## Automate Data Quality Checks with Great Expectations
**Introduction**: In this activity, you will learn how to automate data quality checks using the Great Expectations framework. This includes setting up expectations and generating validation reports.

### Task 1: Setup and Initial Expectations

1. Objective: Set up Great Expectations and create initial expectations for a dataset.
2. Steps:
    - Install Great Expectations using pip.
    - Initialize a data context.
    - Create basic expectations on a sample dataset.
    - Eg., Implement a basic setup and expectation for column presence and type.

In [1]:
# Write your code from here
import great_expectations as gx
import pandas as pd
import numpy as np

# 2. Initialize a Data Context
context = gx.get_context()

# 3. Create a sample dataset (or load your own)
data = pd.DataFrame({
    'customer_id': np.arange(1000, 1020),
    'name': ['John', 'Jane', 'Mike', 'Sarah', 'Alex', 'Emily', 'David', 'Lisa', 'Tom', 'Anna',
             'Chris', 'Emma', 'Ryan', 'Olivia', 'Daniel', 'Sophia', 'Matthew', 'Ava', 'Andrew', 'Mia'],
    'email': [f"user{i}@domain.com" for i in range(20)],
    'age': [25, 32, 45, 28, 30, 22, 38, 41, 29, 35, 
            31, 27, 33, 26, 40, 24, 36, 29, 34, 28],
    'join_date': pd.date_range('2023-01-01', periods=20),
    'purchase_amount': [round(np.random.uniform(10, 100), 2) for _ in range(20)],
    'is_active': [True, True, False, True, False, True, True, False, True, True,
                  False, True, False, True, True, False, True, False, True, True]
})

# 4. Create a Validator directly from the pandas DataFrame
validator = gx.from_pandas(data)

# 5. Create an Expectation Suite
expectation_suite_name = "customer_data_quality"
validator.save_expectation_suite(expectation_suite_name=expectation_suite_name)

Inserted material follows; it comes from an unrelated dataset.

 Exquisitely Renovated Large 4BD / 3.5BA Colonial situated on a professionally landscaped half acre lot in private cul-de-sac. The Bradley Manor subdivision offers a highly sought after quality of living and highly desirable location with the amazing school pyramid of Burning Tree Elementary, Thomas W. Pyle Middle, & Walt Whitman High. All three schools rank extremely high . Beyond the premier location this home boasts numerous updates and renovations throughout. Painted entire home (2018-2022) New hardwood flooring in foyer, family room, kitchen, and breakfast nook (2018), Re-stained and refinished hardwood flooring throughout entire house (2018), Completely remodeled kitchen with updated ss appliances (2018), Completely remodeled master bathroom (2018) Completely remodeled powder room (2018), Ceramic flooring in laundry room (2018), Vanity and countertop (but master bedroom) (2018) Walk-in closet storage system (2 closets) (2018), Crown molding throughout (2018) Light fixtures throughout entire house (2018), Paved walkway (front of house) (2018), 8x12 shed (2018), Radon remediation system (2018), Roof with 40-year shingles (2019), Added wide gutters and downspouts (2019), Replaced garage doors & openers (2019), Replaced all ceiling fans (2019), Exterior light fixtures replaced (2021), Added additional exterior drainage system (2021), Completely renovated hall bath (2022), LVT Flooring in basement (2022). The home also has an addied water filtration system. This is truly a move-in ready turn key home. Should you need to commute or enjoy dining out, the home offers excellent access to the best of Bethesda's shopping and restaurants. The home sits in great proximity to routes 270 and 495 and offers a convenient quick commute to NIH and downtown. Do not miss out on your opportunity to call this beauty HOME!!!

# 6. Add Expectations (Data Quality Rules)
validator.expect_column_to_exist(column="customer_id")
validator.expect_column_values_to_be_of_type(column="customer_id", type_="int64")
validator.expect_column_values_to_be_unique(column="customer_id")

validator.expect_column_to_exist(column="name")
validator.expect_column_values_to_not_be_null(column="name")

validator.expect_column_to_exist(column="email")
validator.expect_column_values_to_match_regex(
    column="email", 
    regex=r"^[a-zA-Z0-9_.+-]+@[a-zA-Z0-9-]+\.[a-zA-Z0-9-.]+$"
)

validator.expect_column_to_exist(column="age")
validator.expect_column_values_to_be_between(column="age", min_value=18, max_value=100)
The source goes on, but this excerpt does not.